Evaluating Language Competence of Llama 2-based models: The BLEU Score

Llama 2, machine translation, sacreBLEU

6 min readSep 26, 2023

source: Image Creator from Microsoft Bing

Introduction

In the era of training and fine-tuning Large Language Models (LLMs) at home, evaluating their language capabilities is crucial. The choice of benchmarking method depends on the specific use case. This article shows how to benchmark the language capabilities of a Llama 2-based LLM using the BLEU score, with a focus on English-to-German translations.

Understanding BLEU

BLEU, which stands for Bilingual Evaluation Understudy, is a metric describing the resemblance between two texts. We employ BLEU to measure the proximity of translations generated by Llama LLMs to a reference sequence, typically a human-generated translation. BLEU evaluates textual similarity based on predefined criteria.

In simpler terms, think of BLEU as a translation quality assessment tool. It quantifies the agreement between the machine-generated translation and the provided reference. The higher the BLEU score, the better the translation, with a perfect score of 1.0 indicating a flawless match.

Here, we use SacreBLEU which “provides hassle-free computation of shareable, comparable, and reproducible BLEU scores” using the HF evaluate library.

Computing BLEU Score for Llama2-based Models

Let’s go through this step by step, we will:

load the dataset and generate prompts for english to german translation (5-shot)
prompt Llama to translate the input
score the output against a reference

To kickstart the process, you must load the Llama2-based model through a Hugging Face pipeline. Here’s how you can do it:

import transformers, evaluate, torch
from datasets import load_dataset
from tqdm import tqdm

pipeline  = transformers.pipeline("text-generation",
    model="models/llama2-7b",
    device_map="auto",
    torch_dtype=torch.bfloat16)

Load dataset

Following model setup, you need to load the dataset for evaluation. In our example, we employ the WMT20 MLQE Task 1 dataset for English to German translation:

ds=load_dataset(path="wmt20_mlqe_task1", name="en-de",split="test")
ds=ds["translation"]

ds_examples=ds[0:5]
ds_predict=ds[5:]

prompt_template="English: {en}\nGerman: {de}"
prompt_examples = "\n\n".join([prompt_template.format(**row) for row in ds_examples])

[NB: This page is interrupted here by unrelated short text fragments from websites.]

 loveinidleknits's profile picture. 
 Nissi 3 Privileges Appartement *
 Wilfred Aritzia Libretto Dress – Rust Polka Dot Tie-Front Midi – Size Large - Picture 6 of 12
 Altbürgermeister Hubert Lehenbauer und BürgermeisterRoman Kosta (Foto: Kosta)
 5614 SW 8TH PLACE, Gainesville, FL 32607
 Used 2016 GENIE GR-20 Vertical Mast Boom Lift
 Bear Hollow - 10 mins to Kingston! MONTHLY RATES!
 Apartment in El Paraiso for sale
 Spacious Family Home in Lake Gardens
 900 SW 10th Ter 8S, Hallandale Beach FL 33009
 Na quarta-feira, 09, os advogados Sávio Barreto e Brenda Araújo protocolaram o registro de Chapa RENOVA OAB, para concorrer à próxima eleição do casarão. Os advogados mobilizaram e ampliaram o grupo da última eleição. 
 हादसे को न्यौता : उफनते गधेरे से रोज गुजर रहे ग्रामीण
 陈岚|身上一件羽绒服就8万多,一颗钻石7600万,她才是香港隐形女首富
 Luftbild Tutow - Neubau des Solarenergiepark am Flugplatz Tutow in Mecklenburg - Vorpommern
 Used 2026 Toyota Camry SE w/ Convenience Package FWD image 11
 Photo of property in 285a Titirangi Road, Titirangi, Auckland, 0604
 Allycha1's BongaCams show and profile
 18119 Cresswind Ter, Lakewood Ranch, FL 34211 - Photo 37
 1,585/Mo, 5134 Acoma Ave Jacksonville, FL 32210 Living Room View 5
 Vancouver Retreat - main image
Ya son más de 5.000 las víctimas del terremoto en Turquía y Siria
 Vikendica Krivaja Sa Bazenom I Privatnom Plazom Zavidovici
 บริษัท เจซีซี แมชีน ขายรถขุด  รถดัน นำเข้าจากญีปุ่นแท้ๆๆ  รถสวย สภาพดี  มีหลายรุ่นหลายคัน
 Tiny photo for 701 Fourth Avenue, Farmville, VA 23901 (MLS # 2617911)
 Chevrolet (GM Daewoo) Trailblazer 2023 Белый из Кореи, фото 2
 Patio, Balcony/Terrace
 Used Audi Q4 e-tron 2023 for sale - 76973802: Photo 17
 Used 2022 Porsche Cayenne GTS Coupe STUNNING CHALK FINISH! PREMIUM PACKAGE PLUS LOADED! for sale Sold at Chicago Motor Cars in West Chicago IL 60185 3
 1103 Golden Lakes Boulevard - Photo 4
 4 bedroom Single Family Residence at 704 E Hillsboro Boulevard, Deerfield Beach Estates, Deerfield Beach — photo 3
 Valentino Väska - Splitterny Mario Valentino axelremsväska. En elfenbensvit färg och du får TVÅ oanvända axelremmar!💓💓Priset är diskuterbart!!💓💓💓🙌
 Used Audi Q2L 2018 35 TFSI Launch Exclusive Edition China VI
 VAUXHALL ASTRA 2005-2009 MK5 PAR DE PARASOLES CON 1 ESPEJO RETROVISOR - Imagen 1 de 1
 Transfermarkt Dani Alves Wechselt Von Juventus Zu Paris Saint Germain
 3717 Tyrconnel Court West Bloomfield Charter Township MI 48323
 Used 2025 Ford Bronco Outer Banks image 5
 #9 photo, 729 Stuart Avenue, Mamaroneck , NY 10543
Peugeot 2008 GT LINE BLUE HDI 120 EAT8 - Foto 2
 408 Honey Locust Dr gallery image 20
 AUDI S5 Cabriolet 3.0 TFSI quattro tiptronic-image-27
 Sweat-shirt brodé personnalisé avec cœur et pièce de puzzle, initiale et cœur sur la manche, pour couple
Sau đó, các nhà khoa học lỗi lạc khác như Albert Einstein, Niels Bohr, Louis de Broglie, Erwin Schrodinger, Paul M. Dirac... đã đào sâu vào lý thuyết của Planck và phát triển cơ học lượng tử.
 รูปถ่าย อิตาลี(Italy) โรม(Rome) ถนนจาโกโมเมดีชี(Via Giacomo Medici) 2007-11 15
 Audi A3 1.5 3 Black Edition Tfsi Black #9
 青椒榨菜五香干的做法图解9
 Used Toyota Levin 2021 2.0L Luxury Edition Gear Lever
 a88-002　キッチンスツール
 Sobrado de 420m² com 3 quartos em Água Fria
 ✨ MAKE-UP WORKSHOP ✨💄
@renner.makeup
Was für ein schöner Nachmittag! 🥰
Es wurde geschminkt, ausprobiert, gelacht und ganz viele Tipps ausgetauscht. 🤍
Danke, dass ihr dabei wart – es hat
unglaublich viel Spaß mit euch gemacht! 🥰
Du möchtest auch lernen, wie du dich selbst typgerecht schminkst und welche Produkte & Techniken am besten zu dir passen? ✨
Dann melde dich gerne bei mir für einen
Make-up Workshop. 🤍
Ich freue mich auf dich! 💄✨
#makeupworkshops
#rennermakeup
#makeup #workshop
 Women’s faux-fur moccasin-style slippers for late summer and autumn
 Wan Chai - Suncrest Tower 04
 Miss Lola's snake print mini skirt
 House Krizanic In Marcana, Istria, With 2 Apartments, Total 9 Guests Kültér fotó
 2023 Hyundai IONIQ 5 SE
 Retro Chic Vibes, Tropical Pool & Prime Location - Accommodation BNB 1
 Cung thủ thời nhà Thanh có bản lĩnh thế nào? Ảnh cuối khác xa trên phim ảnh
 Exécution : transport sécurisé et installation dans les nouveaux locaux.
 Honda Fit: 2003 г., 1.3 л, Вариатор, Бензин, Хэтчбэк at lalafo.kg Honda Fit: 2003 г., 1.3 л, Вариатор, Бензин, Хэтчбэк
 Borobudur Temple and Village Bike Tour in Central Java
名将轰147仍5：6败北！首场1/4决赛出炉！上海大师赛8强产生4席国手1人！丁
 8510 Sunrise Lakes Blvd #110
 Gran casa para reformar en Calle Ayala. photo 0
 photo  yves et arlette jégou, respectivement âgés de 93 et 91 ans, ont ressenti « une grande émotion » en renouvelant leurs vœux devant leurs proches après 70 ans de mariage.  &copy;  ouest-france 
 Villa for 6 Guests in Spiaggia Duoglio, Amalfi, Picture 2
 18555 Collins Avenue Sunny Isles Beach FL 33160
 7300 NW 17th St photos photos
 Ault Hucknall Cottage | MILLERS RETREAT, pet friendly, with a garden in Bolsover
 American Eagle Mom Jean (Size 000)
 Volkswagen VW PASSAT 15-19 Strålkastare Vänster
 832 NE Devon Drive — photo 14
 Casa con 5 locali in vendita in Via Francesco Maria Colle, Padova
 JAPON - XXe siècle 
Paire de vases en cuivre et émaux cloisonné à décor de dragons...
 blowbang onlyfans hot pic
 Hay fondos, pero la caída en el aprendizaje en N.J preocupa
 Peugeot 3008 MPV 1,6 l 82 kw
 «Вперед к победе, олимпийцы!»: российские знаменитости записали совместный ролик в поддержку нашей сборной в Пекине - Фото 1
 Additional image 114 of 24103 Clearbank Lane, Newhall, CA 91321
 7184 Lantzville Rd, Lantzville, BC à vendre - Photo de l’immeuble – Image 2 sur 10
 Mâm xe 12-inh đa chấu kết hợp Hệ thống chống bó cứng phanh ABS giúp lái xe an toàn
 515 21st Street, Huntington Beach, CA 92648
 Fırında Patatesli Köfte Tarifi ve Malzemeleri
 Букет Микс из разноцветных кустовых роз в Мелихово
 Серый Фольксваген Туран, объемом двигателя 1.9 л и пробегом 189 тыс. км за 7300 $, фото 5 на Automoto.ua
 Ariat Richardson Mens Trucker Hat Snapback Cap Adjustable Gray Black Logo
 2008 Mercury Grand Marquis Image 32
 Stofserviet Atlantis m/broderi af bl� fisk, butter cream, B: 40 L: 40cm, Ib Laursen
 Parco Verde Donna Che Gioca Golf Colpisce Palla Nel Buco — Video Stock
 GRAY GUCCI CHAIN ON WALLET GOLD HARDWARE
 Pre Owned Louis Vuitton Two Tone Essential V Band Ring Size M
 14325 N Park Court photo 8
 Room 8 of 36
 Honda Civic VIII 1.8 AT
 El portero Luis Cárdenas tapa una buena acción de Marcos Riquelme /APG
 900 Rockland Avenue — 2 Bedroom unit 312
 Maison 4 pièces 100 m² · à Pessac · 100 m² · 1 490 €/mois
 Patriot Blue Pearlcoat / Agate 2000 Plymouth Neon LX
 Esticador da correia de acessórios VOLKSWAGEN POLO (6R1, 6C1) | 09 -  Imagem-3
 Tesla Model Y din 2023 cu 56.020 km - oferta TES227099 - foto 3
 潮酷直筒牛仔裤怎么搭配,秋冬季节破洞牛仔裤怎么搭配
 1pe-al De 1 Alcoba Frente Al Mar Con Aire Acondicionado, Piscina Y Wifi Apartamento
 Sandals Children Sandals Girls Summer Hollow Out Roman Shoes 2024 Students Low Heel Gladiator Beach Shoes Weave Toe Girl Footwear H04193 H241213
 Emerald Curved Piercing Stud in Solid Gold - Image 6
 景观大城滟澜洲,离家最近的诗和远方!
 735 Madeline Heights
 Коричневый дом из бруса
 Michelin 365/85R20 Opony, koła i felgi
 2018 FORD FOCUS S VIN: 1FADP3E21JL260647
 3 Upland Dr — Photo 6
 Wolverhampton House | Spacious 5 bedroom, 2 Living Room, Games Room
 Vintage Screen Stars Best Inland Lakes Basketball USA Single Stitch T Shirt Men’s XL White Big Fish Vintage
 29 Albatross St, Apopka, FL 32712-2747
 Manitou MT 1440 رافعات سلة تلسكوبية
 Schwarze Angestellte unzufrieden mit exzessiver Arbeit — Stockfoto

The “test” split contains 1000k pairs of english/german translations. There’s a lot of other data data in there, for our purpose we only need the translation feature.

The first row in the dataset looks like this:

{
  "de": "Der Sultan ernennt Richter und kann Begnadigungen und Pendelstrafen gew\u00e4hren.",
  "en": "The Sultan appoints judges, and can grant pardons and commute sentences."
}

In the code above, we will set the first 5 entries aside to generate the 5-shot prompt (ds_examples) which will be used to prompt Llama for the translation of the remaining 995 english sentences (ds_predict).

The five examples prefixed to each prompt will therefore be:

English: The Sultan appoints judges, and can grant pardons and commute sentences.
German: Der Sultan ernennt Richter und kann Begnadigungen und Pendelstrafen gewähren.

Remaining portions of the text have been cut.